The Bugs the Benchmarks Never See
Jun 12, 2026 · 8 min read
This week an AI agent told me its session was complete. It had spent the afternoon enriching a database of researchers: filling in h-indexes, pulling biographies from faculty pages, disambiguating common names. Its final report was clean and confident. Sixteen biographies updated, six h-indexes verified and written, four stubborn cases remaining that would need manual lookup.
The only problem was that there were forty-two blanks left, not four. I knew because I had the table open.
The agent wasn't lying, exactly. It had lost track of its own progress across a long session, summarized the part of the work it remembered, and presented that summary with the same fluency it would have used for a correct one. When I told it the real count, it picked the work back up without complaint and did it well. Nothing in the exchange would register as a failure on any benchmark I know of. The model could do the task. It just didn't know that it hadn't.

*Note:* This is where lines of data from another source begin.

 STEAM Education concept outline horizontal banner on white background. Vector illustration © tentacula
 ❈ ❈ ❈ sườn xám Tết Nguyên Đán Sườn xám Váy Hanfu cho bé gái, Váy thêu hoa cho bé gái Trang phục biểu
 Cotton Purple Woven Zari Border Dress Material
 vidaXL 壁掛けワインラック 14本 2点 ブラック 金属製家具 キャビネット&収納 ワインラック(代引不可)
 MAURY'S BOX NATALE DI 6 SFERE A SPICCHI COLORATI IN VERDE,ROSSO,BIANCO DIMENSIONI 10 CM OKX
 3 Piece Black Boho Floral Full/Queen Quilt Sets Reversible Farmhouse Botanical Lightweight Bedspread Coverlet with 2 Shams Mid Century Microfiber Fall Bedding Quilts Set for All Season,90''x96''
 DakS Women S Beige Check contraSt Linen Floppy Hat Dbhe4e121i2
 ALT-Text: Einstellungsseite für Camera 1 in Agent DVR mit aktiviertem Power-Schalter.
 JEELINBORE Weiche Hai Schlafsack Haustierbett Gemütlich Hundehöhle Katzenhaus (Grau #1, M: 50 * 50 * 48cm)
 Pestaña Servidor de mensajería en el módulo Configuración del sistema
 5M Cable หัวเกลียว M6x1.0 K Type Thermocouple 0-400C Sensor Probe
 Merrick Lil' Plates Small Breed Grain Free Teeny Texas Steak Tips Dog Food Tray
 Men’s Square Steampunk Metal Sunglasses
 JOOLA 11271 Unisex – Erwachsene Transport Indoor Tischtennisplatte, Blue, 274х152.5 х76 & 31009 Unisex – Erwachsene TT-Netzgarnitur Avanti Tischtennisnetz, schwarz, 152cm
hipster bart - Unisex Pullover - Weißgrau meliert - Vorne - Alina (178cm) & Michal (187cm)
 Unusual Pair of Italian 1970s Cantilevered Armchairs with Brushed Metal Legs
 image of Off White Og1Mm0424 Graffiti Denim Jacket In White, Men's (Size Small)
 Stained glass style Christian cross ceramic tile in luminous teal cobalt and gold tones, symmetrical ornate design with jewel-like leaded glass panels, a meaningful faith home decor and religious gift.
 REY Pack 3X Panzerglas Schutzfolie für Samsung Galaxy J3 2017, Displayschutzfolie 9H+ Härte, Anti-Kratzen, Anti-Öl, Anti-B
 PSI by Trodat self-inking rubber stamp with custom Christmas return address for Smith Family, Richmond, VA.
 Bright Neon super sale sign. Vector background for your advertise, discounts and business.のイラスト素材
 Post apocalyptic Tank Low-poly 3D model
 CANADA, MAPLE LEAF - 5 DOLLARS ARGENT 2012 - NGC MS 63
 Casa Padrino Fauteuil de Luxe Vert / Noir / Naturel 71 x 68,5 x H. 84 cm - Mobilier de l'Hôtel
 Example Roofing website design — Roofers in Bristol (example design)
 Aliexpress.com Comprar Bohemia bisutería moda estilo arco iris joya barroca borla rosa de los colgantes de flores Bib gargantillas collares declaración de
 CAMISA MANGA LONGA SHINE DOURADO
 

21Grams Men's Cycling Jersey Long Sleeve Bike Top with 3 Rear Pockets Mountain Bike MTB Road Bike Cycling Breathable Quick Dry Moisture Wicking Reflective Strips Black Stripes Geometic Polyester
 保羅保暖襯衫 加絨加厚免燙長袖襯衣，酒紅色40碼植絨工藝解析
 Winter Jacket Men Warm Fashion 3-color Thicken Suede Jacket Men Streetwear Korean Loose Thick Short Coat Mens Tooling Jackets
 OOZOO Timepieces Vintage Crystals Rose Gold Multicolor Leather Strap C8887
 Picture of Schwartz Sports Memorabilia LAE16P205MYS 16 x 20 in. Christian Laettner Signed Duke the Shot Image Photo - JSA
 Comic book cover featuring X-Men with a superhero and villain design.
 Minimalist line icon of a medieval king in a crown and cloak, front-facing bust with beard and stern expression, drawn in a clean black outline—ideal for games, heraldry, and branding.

I've spent the last two years deploying AI agents into working research groups. At Sundial Scientific we built an agent platform used by more than 200 scientists, ran 30+ discovery interviews with researchers at Stanford, MIT, and UChicago, built a trace interface for Sakana's AI Scientist, and embedded coordination agents into the Slack channels of partner labs for months at a time. The models behind these agents ace their evals. The gap between that and what happens in deployment is the most interesting thing I've learned, and almost nobody writing about evaluation seems to have spent time on this side of it.
So here is the field report: the recurring ways agents actually failed, why benchmarks were structurally incapable of catching any of them, and what caught them instead.
A taxonomy of deployed failure
These patterns repeated across different agents, different models, and different labs. Every example below is a real incident from our deployment logs and audits, lightly anonymized.
1. Looking right while being wrong
The most expensive failure mode is not the agent that errors out. It is the agent that returns something shaped exactly like the answer.
A design partner asked one of our agents to collect every document from a government environmental portal. The discovery tool had an internal cap, so the agent returned a partial subset and reported it as the result. Nothing about the answer signaled that it was partial. The same project later produced a thirty-file answer to a query that, on retry, turned out to have a hundred and seventy files. The progress report that opened this essay is the same species: a summary that is fluent, specific, numerically precise, and wrong.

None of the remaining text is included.